Supporting mechanism and robot system

Technical Field

The utility model relates to a robotic system's technical field, in particular to supporting mechanism and robotic system.

Background

Vascular diseases, especially cardiovascular diseases, can be treated in various ways. Surgery, such as heart bypass surgery, is one method for treating cardiovascular disease. However, in some cases, vascular disease may be treated with catheter-based interventional procedures, such as angioplasty. Catheter-based interventions are generally considered less invasive than surgery.

In one type of interventional approach, a guide catheter is inserted through an introducer into the femoral artery of a patient and positioned adjacent to the coronary ostium of the patient's heart. A guidewire is typically inserted into the guide catheter through the hemostatic valve and maneuvered through the patient's arterial system until the guidewire reaches the lesion site. The working catheter is then moved along the guidewire until the working catheter (such as a balloon and stent) is positioned adjacent the lesion to open the occlusion site to allow increased blood flow adjacent the lesion. In addition to cardiovascular diseases, other diseases may be treated by catheterization.

The existing catheter conveying device needs to be fixed through a mechanical arm which is fixed on an operation sickbed, and the mechanical arm is inconvenient to mount in the actual use process, so that a supporting mechanism connected with the sickbed is needed.

Disclosure of Invention

An object of the utility model is to overcome above-mentioned prior art not enough, provide a supporting mechanism and robot system, it aims at solving among the prior art not having the supporting mechanism's that is connected with the sick bed technical problem.

In order to achieve the purpose, the utility model provides a supporting mechanism, be in including support frame body and setting the draw-in groove and the rotatable setting of support frame body bottom are in the cam spanner of support frame body bottom, draw-in groove and bed sliding connection come to fix supporting mechanism through the rotation of cam spanner.

Preferably, a spanner arm is arranged on the cam spanner, a limiting block is arranged on the spanner arm, and a groove for installing the cam spanner is formed in the support frame body.

Preferably, a clamping plate connected with the cam wrench is arranged in the clamping groove, a guide shaft is arranged on the clamping plate, and a spring for pushing the clamping plate to be close to the cam wrench is arranged on the guide shaft.

Preferably, the support frame body is vertically connected with a support plate.

Preferably, the guide shafts are provided with four parts which are distributed on four corners of the clamping plate, and the bottom of the support frame body is also provided with notches for the clamping plate to enter.

Preferably, a through hole connected with the guide shaft is formed in one side far away from the clamping groove, and the guide shaft enters the through hole partially.

The utility model also provides a robot system, used foretell supporting mechanism to be used for fixing on the operation sick bed.

Compared with the prior art, the utility model provides a pair of extension arm mechanism and robotic system's beneficial effect does: the supporting mechanism can be better fixed through the cam wrench, and the supporting mechanism is more convenient to disassemble and assemble through the matching of the notch and the through hole.

The features and advantages of the present invention will be described in detail by embodiments with reference to the accompanying drawings.

Drawings

Fig. 1 is a schematic structural diagram of an extension arm mechanism according to an embodiment of the present invention.
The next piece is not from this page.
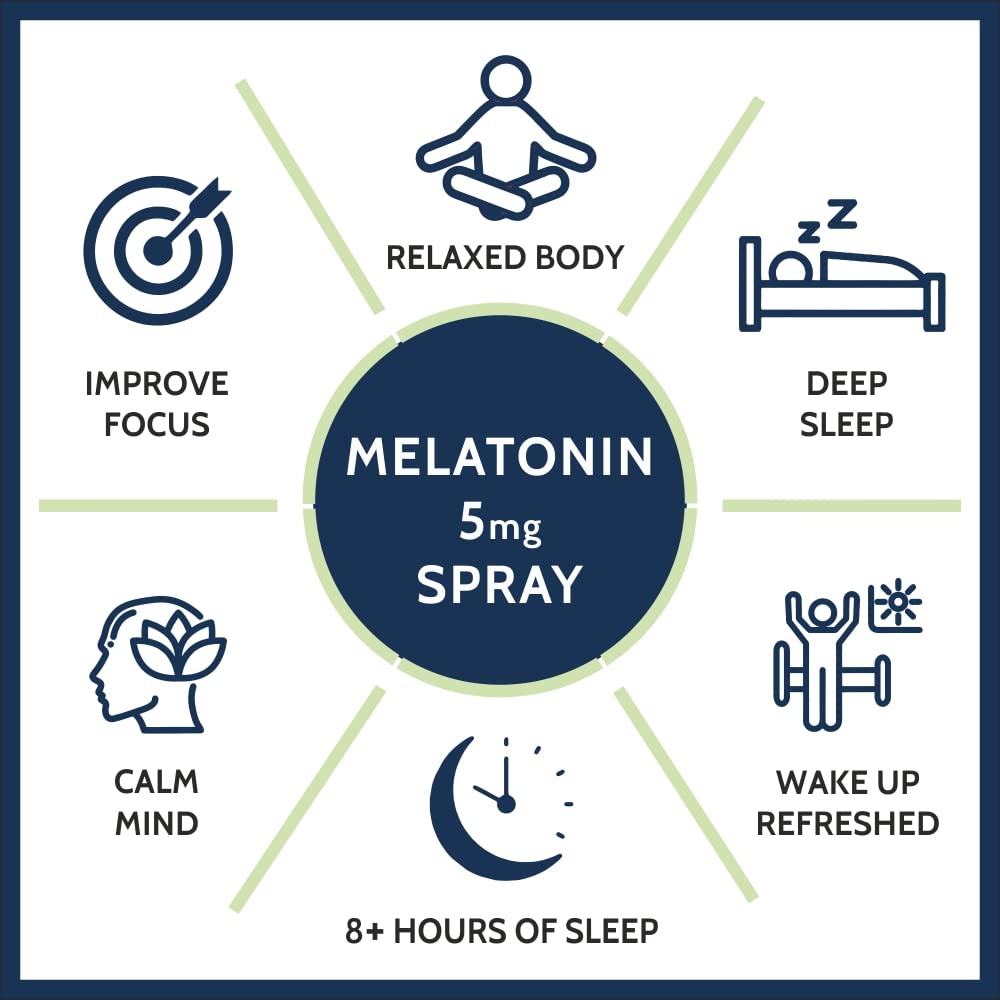 Carbamide Forte Melatonin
Fig. 2 is a schematic structural diagram of another angle of an extension arm mechanism according to an embodiment of the present invention.
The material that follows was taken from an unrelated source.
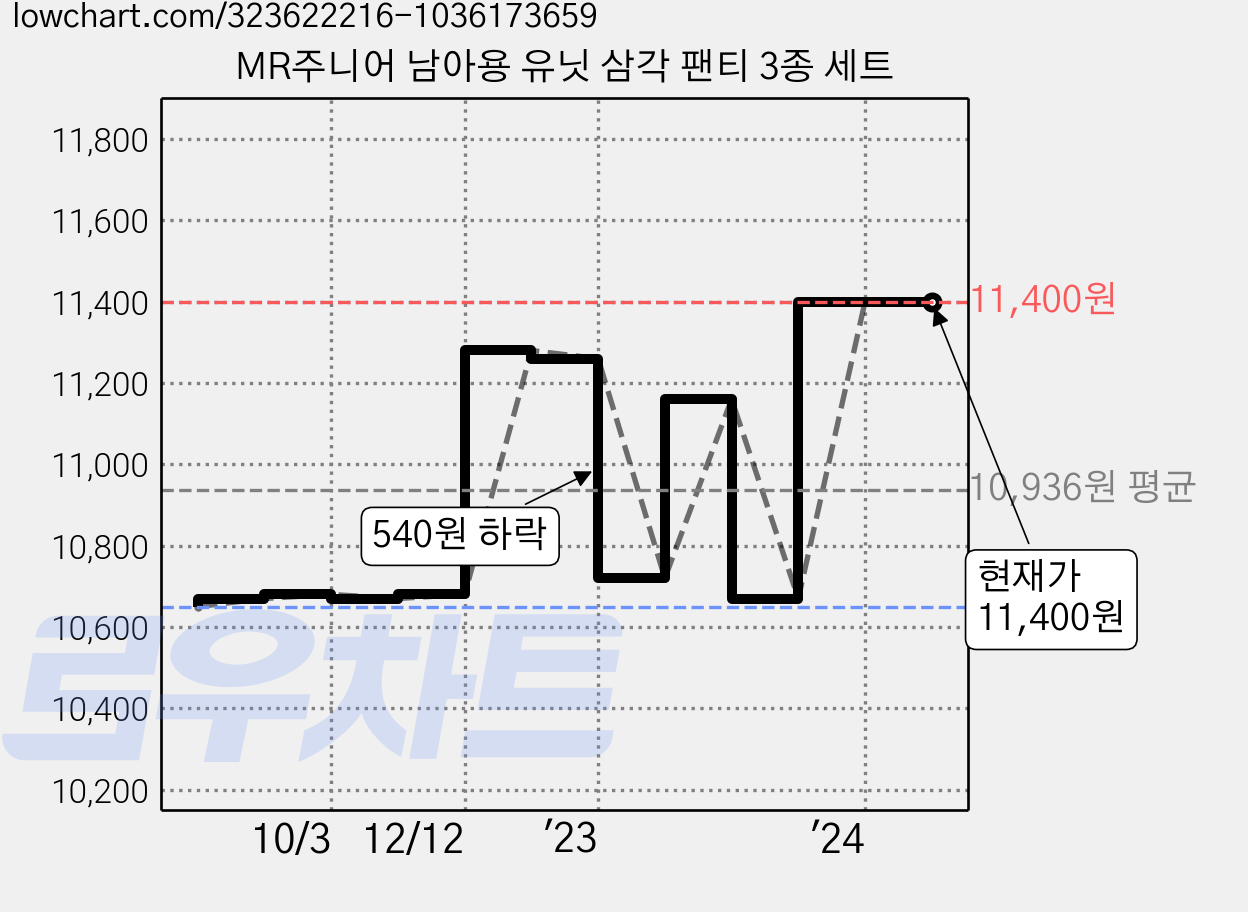 MR주니어 남아용 유닛 삼각 팬티 3종 세트 가격 변동 차트, 현재가 11,400원, 역대최저가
Fig. 3 is an enlarged schematic structural diagram of the embodiment of the present invention at C.

Fig. 4 is a schematic structural view of a large arm of a support according to an embodiment of the present invention.

Fig. 5 is a schematic view of the internal structure of the bracket boom according to the embodiment of the present invention.
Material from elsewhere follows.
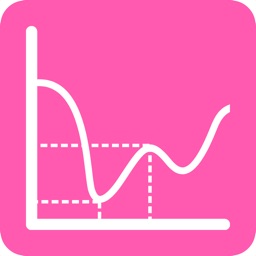 GraphPointCalc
Fig. 6 is a schematic diagram of the internal structure of the middle arm and the small arm of the stent according to the embodiment of the present invention.

Fig. 7 is an enlarged view of the embodiment of the present invention at D.

Wherein:

50-a support mechanism; 51-a card slot; 52-cam wrench; 521-a wrench arm; 522-a limiting block; 53-splint; 54-a guide shaft; 55-a support plate; 60-support columns; 70-bracket big arm; 71-a latch bolt mechanism; 711-first connecting plate; 712-a first bolt; 713-a second connection board; 714-a second locking bolt; 72-a control mechanism; 721-control the motor; 722-double-end screw rod; 723-a first mobile station; 724-second movable seat; 725-a first microswitch; 726-a second microswitch; 727-square nut; 728-a concave ring; 729-a female ring mount; 73-manual release mechanism; 731-release button; 732-a booster rod; 733 — cam block; 74-big brake tooth; 75-brake middle teeth; 80-bracket middle arm; 81-middle arm rotating seat; 82-middle arm support; 821-connecting rod; 83-cushion cylinder; 84-connecting blocks; 85-lower limit nail; 90-bracket forearm; 91-an adapter; 92-an extension rod; 93-a connector; 94-fixed knob; 95-damping friction plate; 96-coder.

Detailed Description

In order to make the objects, technical solutions and advantages of the present invention more clear, the present invention is further described in detail through the accompanying drawings and embodiments. It should be understood, however, that the description herein of specific embodiments is only intended to illustrate the invention and not to limit the scope of the invention. Moreover, in the following description, descriptions of well-known structures and techniques are omitted so as to not unnecessarily obscure the concepts of the present invention.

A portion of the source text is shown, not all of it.